One of the key challenges in developing effective SER systems is the complexity of human emotions. Emotions are multifaceted, and can be influenced by a wide range of factors, including culture, personality, and situational context. Additionally, emotions are not always expressed in a clear or consistent manner, which can make it difficult to extract meaningful features from speech signals.

Despite these challenges, there has been significant progress in the field of SER in recent years. Advances in machine learning and deep learning algorithms have made it possible to develop models that can extract more nuanced and complex features from speech signals. Additionally, the availability of large annotated datasets has made it possible to train and evaluate these models at scale.

One of the key applications of SER is in mental health diagnosis. There is growing interest in the use of machine learning algorithms to automatically detect signs of mental health disorders, such as depression and anxiety, through speech. These algorithms can analyze a range of features, including pitch, intensity, and speech rate, to identify patterns that are associated with specific emotional states. This has the potential to improve access to mental health services, particularly in underserved communities where access to mental health professionals may be limited. Another potential application of SER is in customer service. SER models can be used to analyze customer interactions with chatbots or virtual assistants, in order to better understand the emotions and needs of the customer. This can help to improve customer satisfaction and loyalty, as well as enable more personalized and effective interactions.

In order to develop effective SER systems, it is important to have access to high-quality data. This data should be diverse, representing a wide range of emotional states and contexts. Additionally, the data should be annotated with accurate labels that reflect the true emotional states of the speakers. This can be challenging, as emotions are subjective and can be difficult to define or measure in a consistent manner. Finally, it is important to consider the ethical implications of SER. As with any technology that involves the analysis of personal data, there is a risk of misuse or unintended consequences. It is important to consider issues such as privacy, consent, and bias in the development of SER systems, and to ensure that these systems are used in a responsible and ethical manner.

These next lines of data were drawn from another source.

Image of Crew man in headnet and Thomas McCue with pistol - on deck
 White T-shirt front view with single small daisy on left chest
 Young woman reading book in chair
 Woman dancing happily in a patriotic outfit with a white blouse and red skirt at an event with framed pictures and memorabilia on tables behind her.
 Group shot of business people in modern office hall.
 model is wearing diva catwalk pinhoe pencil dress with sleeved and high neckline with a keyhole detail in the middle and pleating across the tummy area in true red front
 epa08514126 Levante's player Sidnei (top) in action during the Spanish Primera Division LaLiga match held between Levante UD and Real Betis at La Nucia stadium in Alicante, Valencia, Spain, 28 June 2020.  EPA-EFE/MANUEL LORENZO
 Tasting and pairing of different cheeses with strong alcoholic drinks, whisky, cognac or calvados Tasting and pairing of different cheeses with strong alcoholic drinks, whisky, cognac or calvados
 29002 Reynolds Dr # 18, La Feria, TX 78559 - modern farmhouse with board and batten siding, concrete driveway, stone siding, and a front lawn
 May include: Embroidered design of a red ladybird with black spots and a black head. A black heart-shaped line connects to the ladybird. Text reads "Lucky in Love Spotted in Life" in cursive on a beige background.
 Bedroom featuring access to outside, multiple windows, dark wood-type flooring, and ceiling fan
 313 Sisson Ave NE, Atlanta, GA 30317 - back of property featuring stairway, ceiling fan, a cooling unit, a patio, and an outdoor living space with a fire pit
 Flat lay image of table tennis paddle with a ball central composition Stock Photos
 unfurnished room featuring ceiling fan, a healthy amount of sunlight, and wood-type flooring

In conclusion, SER is a rapidly evolving field with a wide range of potential applications. While there are significant challenges to be addressed, the development of effective SER systems has the potential to improve access to mental health services, enhance customer experiences, and facilitate more personalized and effective interactions with technology. As the field continues to evolve, it will be important to ensure that these systems are developed and used in a responsible and ethical manner.

References

Blanton, S. 1915. “The Voice and the Emotions.” Journal of Speech 1 (2): 154–72.

Marsella, S, and J Gratch. 2014. “Computationally Modeling Human Emotion.” Commun. ACM 57 (12): 56–57.

Schuller, Björn W. 2018. “Speech Emotion Recognition: Two Decades in a Nutshell, Benchmarks, and Ongoing Trends.” Commun. ACM 61 (5): 90–99. https://doi.org/10.1145/3129340.

Steven, Livingstone, and Russo Frank. 2018. “The Ryerson Audio-Visual Database of Emotional Speech and Song (RAVDESS).” PLoS ONE 13 (5).

Williamson, John Decatur. 1978. “Speech Analyzer for Analyzing Pitch or Frequency Perturbations in Individual Speech Pattern to Determine the Emotional State of the Person.” Google Patents.